- **About this task**:
Images are to be excluded, and the rest of the data repeated exactly.

(Web page caption snippets)
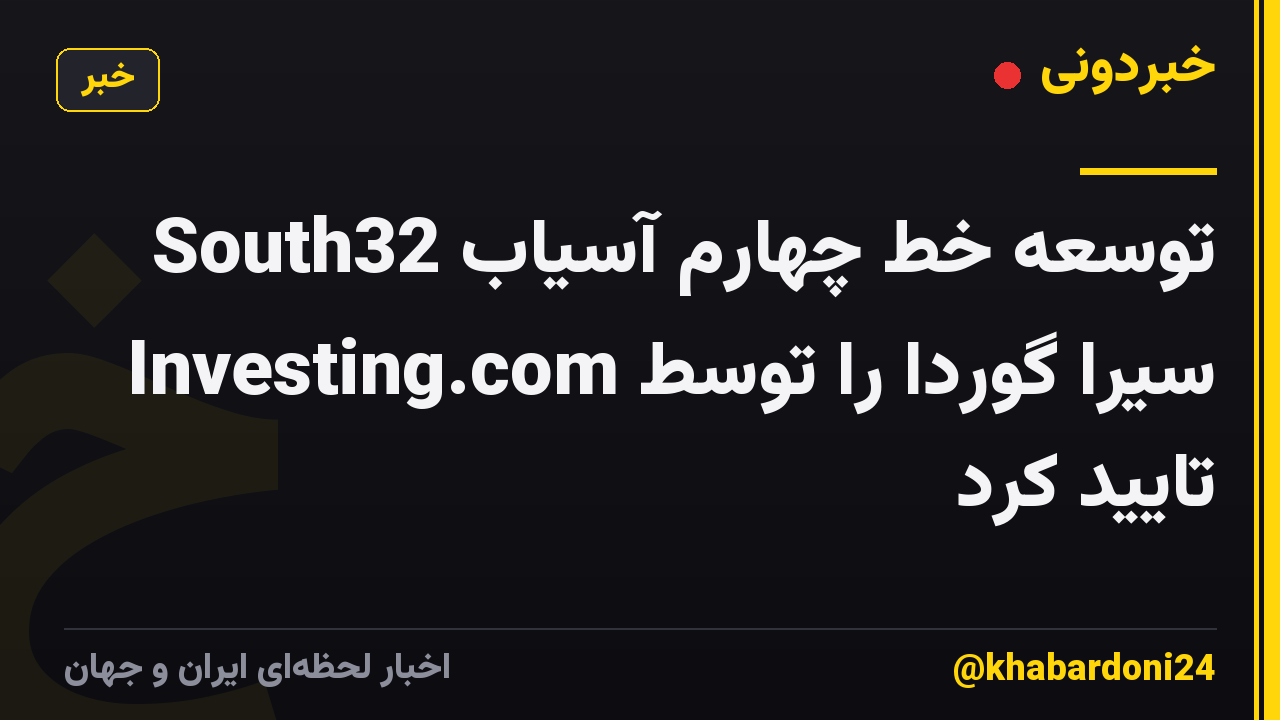 South32 توسعه خط چهارم آسیاب سیرا گوردا را توسط Investing.com تایید کرد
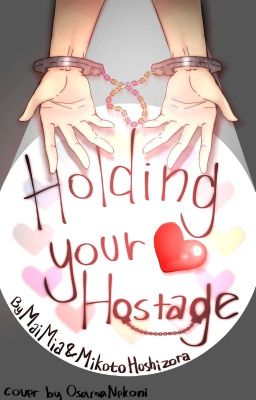 Holding your heart hostage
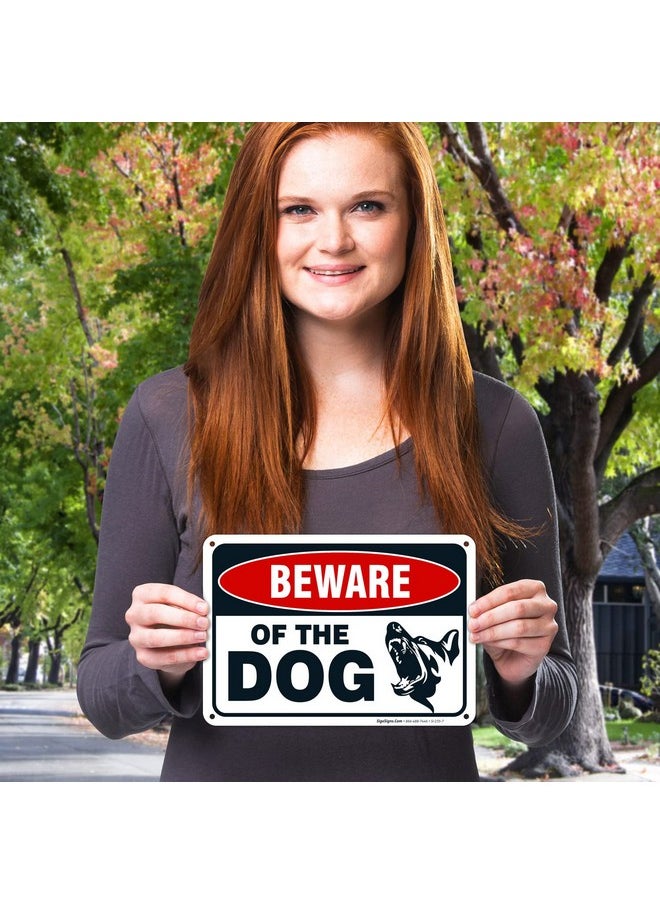 Sigo Signs Beware of The Dog Sign, (Pack of 2) 10x7 Inches, Rust Free .040 Aluminum, Fade Resistant, Made in USA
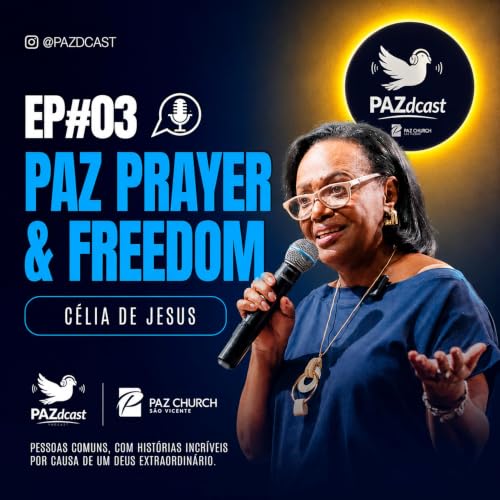 PAZDCAST #03 C&Eacute;LIA DE JESUS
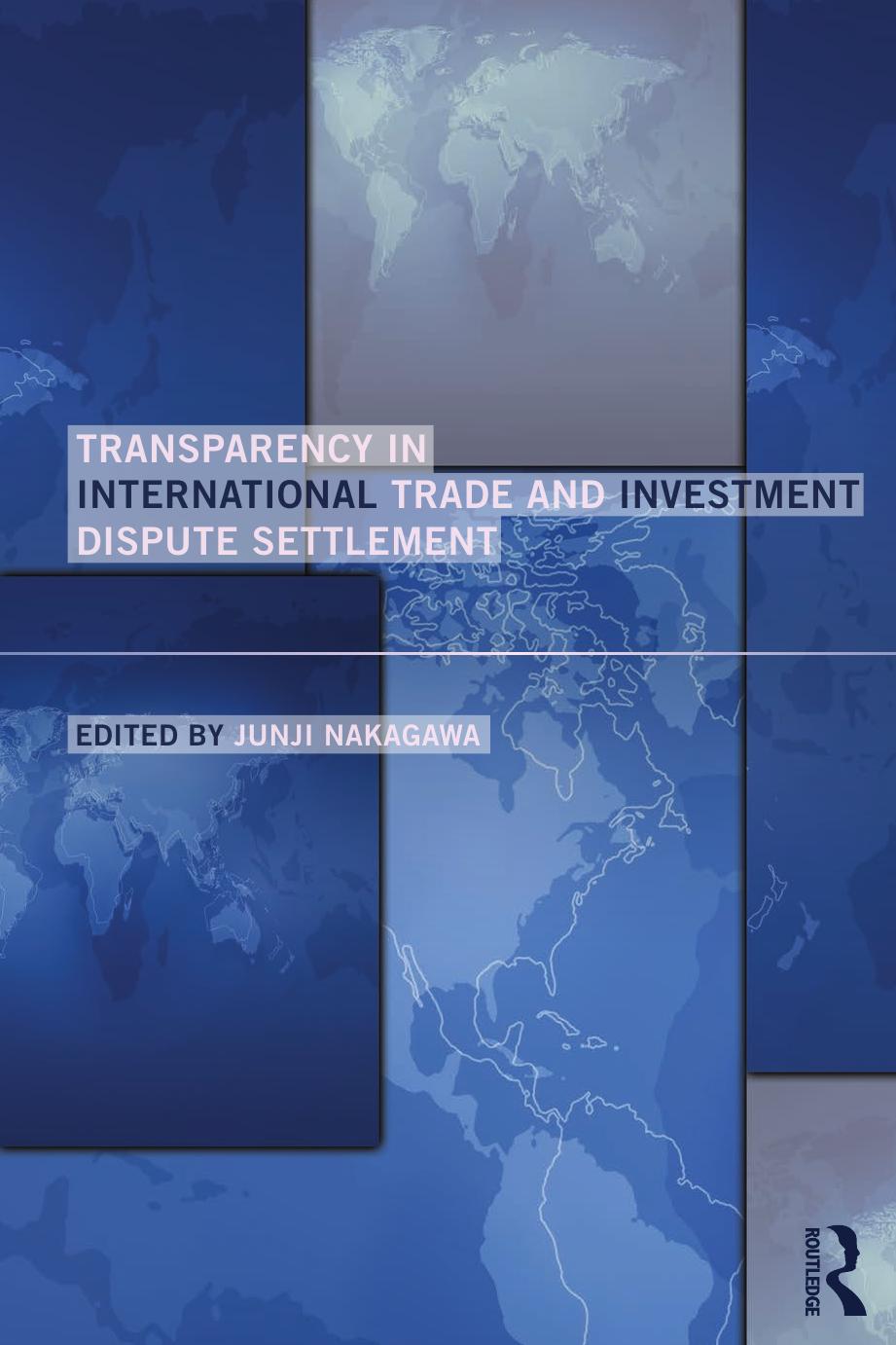 Transparency in International Trade and Investment Dispute Settlement by Junji Nakagawa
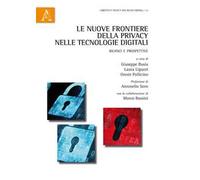 Le nuove frontiere della privacy nelle tecnologie digitali. Bilanci e prospettive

- **Task output**:
 South32 توسعه خط چهارم آسیاب سیرا گوردا را توسط Investing.com تایید کرد
 Holding your heart hostage
 Sigo Signs Beware of The Dog Sign, (Pack of 2) 10x7 Inches, Rust Free .040 Aluminum, Fade Resistant, Made in USA
 PAZDCAST #03 C&Eacute;LIA DE JESUS
 Transparency in International Trade and Investment Dispute Settlement by Junji Nakagawa
 Le nuove frontiere della privacy nelle tecnologie digitali. Bilanci e prospettive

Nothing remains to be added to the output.